It is widely believed Christmas markets began popping up around central Europe in the late middle ages, primarily throughout Germany, Austria, Switzerland, Italy, and France. The Germanic influence seems to dominate most markets, although most, if not all, markets today typically offer a sampling of at least a few European cultures. One of the earliest references to a “December Market” dates back to 1294, in reference to a seasonal market in Vienna. Some historians have noted the increased practice of Christmas markets in conjunction with the influence of the Holy Roman Empire. It is thought the markets were originally established to help townspeople prepare for the celebration of Advent beginning on the fourth Sunday before Christmas and lasting until Christmas Eve. Modern markets roughly follow this same timeline, opening in late November or early December and running up until days before Christmas. Originally selling just food, the markets evolved over time to include wares from local artisans, including homemade crafts, hand-woven baskets, hand-blown glass ornaments, carved toys, candles, cakes, and more.

The Christmas market in Frankfurt, Germany. Today’s tradition of holiday markets likely stems from festive German celebrations. (Daderot / Wikimedia Commons)
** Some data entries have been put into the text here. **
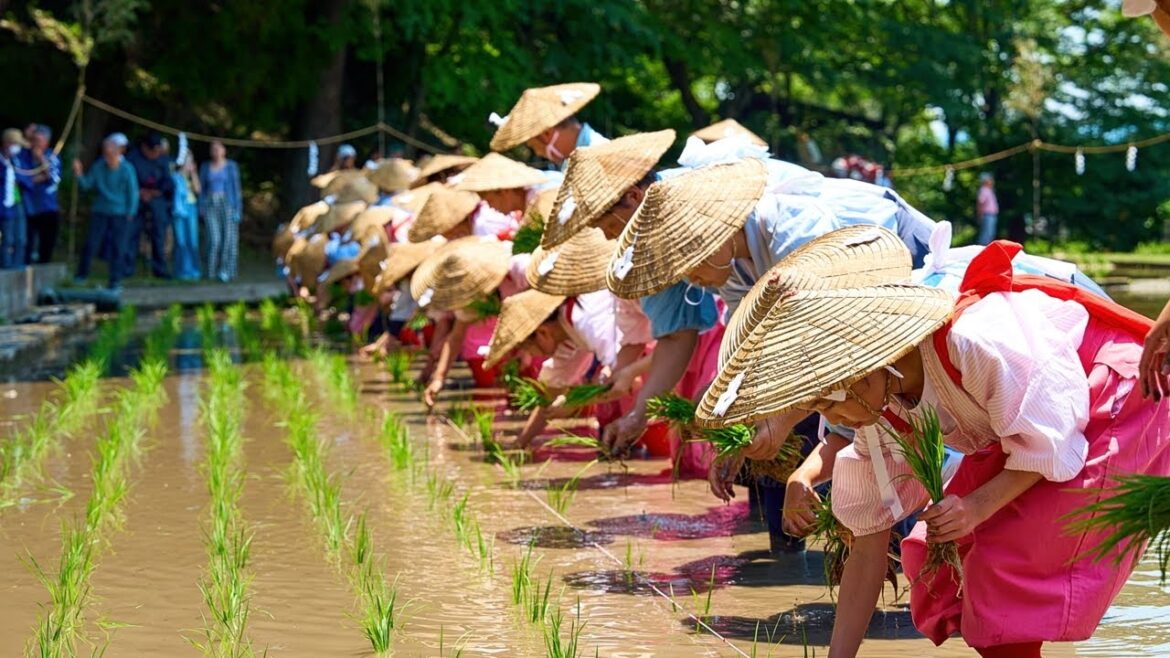 Traditional Rice Planting Ceremony in Kagoshima, Japan 2025 #御田植祭 #斎田祭 #大隅正八幡宮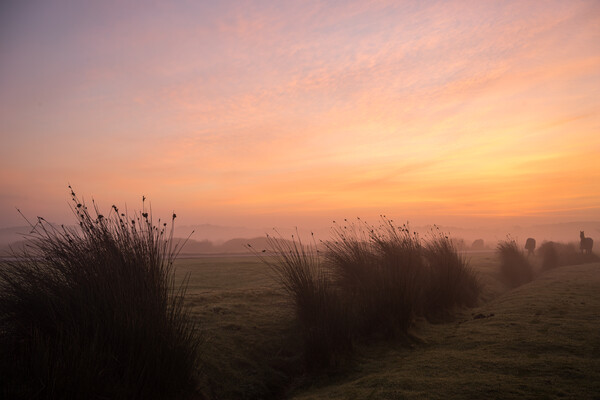 Misty sunrise on Northam Burrows Picture Board by Tony Twyman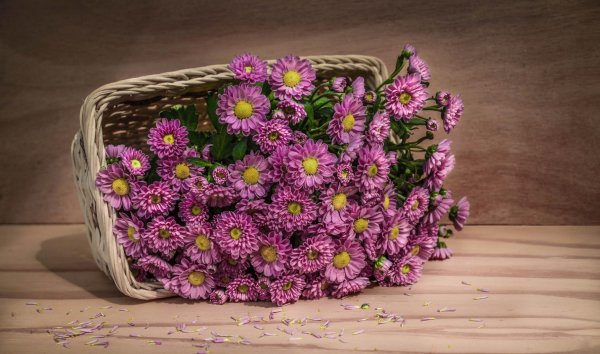 Композиция из сентябринок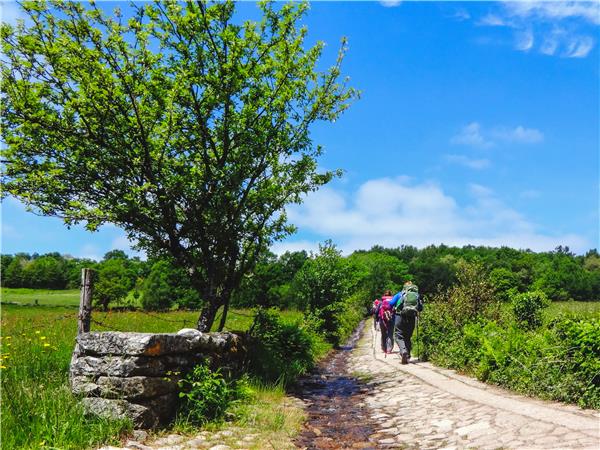 Camino de-Santiago trekking vacation in Spain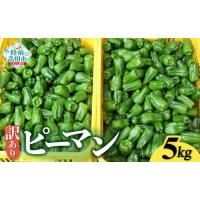激安 わけあり 訳あり)（ピーマン）｜野菜 | 食品 の商品一覧 通販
Christmas markets have existed in some way, shape, or form in Ireland since the 1700s as well. Open-air markets in the center of town have historically been a common and very important fixture to town life for ages in Ireland. Some markets, such as the English Market in Cork, remain open year round (The English Market has operated continuously since 1788). Other longtime markets in Ireland include the Milk Market in Limerick, and Dublin’s famous Monroe Street market which have both been around since the 1800s. Although these markets have always shifted their offerings towards Christmas-related goods during the holiday season for many years, the contemporary concept of Christmas markets in Ireland is a somewhat recent import. Today they are leveraged somewhat as a means to increase tourist traffic, while at the same time shine a light on what makes Ireland a special place to be in during the holidays. For instance, Ireland’s oldest city, Waterford (which celebrated its 1104th birthday this year), is hosting its third Christmas market in 2018. The WinterVal Waterford Christmas market boasts over 60 market stalls, a 3D light show, a toy museum, Ferris wheel, and of course endless amounts of food from around Europe.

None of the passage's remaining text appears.